[Records from a data collection]
═══

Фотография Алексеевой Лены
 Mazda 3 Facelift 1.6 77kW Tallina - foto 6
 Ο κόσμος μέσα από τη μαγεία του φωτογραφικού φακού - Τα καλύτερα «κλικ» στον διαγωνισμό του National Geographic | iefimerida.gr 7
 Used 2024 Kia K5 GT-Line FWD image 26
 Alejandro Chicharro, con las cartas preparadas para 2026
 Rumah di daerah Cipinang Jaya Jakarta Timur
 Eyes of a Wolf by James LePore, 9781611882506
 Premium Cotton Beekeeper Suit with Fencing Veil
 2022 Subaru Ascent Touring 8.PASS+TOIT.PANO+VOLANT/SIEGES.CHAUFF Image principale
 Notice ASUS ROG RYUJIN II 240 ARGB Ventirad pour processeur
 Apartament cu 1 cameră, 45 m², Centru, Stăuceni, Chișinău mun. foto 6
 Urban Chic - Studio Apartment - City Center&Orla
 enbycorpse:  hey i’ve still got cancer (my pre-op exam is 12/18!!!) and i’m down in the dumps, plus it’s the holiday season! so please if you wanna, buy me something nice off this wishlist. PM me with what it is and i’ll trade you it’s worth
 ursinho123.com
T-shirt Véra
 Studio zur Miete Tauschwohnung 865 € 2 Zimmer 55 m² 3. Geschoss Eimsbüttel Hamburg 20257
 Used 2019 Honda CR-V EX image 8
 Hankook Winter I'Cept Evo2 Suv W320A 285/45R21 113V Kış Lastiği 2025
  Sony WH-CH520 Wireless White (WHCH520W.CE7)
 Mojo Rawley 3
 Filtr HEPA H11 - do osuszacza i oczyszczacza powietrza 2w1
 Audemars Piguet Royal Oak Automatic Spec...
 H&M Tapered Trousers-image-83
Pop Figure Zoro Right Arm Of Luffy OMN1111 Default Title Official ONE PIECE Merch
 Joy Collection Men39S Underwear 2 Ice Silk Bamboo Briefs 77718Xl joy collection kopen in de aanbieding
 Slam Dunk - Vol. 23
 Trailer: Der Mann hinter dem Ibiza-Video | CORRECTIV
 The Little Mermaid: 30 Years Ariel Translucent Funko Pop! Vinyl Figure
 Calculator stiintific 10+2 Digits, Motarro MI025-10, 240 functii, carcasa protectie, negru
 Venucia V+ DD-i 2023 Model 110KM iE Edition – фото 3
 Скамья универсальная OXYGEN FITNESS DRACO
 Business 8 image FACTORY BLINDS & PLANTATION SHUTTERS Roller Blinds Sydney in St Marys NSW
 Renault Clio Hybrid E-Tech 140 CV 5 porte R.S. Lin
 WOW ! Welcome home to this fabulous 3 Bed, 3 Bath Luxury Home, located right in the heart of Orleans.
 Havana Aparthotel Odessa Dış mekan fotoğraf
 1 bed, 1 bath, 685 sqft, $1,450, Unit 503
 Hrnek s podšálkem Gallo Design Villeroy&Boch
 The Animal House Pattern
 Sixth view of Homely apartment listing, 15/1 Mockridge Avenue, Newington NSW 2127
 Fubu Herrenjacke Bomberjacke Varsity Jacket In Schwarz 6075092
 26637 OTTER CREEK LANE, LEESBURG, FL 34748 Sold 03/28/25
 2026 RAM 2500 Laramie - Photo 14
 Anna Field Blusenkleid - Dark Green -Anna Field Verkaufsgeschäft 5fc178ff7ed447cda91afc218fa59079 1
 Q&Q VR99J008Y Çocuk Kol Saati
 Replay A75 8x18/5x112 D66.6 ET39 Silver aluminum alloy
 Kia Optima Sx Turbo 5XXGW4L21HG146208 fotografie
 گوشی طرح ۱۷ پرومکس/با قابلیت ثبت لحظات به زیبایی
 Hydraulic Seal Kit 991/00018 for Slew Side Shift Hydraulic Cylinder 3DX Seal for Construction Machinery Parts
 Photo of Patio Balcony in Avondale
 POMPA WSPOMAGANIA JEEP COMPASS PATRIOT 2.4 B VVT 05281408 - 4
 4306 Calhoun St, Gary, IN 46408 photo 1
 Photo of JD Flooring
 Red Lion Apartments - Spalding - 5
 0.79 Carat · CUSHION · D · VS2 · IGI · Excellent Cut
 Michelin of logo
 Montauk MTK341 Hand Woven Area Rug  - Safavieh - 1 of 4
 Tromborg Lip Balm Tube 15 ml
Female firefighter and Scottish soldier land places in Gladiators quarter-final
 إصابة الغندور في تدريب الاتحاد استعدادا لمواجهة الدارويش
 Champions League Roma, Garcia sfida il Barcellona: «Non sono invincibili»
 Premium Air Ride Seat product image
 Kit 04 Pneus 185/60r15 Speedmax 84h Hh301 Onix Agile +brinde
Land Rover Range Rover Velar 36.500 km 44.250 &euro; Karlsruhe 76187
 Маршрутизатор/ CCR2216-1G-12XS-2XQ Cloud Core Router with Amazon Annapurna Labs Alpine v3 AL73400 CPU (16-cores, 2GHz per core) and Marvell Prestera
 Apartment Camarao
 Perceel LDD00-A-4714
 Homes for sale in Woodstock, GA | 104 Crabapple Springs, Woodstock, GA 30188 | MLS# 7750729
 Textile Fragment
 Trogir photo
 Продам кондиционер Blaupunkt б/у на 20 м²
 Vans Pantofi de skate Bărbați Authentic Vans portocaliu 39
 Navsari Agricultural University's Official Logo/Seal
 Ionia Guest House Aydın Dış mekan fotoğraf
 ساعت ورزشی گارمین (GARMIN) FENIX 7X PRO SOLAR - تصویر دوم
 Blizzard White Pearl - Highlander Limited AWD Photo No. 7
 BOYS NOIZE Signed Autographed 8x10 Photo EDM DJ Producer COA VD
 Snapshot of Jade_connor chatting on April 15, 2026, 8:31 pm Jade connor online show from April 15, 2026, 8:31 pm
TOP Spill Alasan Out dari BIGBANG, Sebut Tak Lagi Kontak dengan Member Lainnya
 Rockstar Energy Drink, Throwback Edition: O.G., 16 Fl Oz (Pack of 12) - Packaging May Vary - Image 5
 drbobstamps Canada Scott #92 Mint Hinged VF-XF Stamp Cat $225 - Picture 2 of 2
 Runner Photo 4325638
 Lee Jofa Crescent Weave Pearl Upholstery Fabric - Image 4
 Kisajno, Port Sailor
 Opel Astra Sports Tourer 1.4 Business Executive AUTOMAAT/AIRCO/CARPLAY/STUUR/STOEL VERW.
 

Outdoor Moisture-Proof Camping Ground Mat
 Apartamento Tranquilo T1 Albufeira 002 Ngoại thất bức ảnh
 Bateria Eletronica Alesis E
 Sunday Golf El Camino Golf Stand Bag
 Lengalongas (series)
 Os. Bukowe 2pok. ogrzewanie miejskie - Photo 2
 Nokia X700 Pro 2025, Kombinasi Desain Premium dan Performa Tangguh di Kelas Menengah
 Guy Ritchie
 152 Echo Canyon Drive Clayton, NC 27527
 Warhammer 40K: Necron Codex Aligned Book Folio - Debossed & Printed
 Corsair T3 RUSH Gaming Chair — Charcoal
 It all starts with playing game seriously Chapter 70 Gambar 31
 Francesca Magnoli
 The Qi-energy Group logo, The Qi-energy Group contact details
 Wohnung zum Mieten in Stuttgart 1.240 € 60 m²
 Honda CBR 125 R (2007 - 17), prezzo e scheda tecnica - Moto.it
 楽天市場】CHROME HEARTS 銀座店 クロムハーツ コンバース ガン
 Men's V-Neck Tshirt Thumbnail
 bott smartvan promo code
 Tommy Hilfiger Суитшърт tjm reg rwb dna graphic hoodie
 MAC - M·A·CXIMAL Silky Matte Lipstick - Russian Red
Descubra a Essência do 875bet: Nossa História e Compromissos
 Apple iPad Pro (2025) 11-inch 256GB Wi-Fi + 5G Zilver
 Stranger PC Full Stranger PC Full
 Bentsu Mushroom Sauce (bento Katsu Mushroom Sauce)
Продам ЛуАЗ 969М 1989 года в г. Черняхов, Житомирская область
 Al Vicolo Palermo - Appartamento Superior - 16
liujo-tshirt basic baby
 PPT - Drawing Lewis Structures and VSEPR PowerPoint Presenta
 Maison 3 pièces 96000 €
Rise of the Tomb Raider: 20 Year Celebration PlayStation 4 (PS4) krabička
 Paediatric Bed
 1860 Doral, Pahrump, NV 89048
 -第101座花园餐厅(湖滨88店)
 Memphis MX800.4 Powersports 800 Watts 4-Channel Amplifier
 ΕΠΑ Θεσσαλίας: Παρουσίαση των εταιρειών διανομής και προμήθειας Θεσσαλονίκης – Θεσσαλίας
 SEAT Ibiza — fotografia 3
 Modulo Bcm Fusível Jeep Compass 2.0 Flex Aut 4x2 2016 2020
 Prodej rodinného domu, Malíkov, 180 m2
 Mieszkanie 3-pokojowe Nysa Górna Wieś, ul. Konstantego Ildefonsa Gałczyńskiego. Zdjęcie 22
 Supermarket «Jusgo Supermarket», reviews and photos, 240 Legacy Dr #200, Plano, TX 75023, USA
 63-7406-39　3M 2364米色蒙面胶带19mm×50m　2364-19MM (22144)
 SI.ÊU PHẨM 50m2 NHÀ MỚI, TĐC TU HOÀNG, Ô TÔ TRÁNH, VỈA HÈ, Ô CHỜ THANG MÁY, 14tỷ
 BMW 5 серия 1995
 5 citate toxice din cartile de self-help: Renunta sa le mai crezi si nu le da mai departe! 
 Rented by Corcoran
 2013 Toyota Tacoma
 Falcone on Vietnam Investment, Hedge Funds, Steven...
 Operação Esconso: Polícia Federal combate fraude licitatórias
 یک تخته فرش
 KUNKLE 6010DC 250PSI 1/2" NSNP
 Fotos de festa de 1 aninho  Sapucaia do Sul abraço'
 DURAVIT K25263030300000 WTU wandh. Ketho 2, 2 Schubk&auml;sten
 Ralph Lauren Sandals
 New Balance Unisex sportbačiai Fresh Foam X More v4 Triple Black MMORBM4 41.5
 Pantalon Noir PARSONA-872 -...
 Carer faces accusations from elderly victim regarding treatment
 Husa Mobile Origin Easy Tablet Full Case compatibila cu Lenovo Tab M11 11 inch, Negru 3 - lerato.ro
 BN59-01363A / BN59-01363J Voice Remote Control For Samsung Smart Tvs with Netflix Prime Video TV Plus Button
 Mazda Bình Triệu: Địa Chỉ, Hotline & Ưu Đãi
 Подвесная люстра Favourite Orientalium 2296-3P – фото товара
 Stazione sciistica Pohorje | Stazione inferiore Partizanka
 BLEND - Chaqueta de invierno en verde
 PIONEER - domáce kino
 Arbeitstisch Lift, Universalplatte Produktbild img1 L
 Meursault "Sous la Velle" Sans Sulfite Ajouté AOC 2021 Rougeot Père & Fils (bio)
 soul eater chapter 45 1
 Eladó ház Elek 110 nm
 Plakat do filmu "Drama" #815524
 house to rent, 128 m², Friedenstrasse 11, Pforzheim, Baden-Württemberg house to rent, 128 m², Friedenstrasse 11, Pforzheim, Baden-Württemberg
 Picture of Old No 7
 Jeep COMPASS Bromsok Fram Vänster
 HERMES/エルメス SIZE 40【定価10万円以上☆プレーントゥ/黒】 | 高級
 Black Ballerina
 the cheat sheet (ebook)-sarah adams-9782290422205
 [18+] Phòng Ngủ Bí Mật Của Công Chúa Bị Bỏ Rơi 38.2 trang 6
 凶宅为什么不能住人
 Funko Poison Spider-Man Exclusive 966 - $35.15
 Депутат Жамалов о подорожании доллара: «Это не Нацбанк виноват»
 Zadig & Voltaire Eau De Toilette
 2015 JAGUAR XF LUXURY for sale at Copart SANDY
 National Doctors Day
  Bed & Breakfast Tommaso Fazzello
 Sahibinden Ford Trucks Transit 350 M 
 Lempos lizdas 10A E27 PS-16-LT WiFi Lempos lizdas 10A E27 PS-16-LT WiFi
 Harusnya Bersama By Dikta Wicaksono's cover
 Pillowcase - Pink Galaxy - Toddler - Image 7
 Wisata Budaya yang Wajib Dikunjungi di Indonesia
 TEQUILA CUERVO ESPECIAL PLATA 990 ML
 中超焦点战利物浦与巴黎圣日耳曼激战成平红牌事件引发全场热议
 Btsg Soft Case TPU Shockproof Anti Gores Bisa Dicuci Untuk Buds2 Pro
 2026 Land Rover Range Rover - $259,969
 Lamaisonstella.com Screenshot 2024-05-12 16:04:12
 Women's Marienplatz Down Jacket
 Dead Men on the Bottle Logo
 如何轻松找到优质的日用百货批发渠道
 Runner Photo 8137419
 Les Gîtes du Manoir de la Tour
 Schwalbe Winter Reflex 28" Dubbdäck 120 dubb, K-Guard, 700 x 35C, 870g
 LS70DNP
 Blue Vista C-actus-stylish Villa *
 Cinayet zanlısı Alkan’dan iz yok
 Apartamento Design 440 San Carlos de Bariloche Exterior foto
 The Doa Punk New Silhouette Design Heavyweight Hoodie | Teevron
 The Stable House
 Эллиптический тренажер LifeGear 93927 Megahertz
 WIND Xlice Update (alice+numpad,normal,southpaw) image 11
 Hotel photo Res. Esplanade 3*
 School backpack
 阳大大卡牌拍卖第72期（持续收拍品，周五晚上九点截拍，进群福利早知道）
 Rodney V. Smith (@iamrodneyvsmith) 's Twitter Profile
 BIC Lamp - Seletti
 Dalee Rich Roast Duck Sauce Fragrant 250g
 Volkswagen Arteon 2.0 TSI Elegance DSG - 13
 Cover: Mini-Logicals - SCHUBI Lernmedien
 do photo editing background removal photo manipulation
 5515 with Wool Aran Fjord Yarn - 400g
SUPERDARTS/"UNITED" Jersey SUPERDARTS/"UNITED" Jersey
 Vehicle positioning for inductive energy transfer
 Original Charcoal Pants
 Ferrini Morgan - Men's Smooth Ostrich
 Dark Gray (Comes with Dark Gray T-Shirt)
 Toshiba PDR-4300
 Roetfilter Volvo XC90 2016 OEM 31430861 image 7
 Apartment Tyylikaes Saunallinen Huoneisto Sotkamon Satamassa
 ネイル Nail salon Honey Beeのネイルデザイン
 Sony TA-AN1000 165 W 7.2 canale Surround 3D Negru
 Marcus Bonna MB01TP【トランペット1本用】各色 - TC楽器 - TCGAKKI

═══

What is being asked: Print, without alteration, only the lines above between the one holding "Apartamento Design 440" and the one holding "School backpack", inclusive.

Exercise output:
 Apartamento Design 440 San Carlos de Bariloche Exterior foto
 The Doa Punk New Silhouette Design Heavyweight Hoodie | Teevron
 The Stable House
 Эллиптический тренажер LifeGear 93927 Megahertz
 WIND Xlice Update (alice+numpad,normal,southpaw) image 11
 Hotel photo Res. Esplanade 3*
 School backpack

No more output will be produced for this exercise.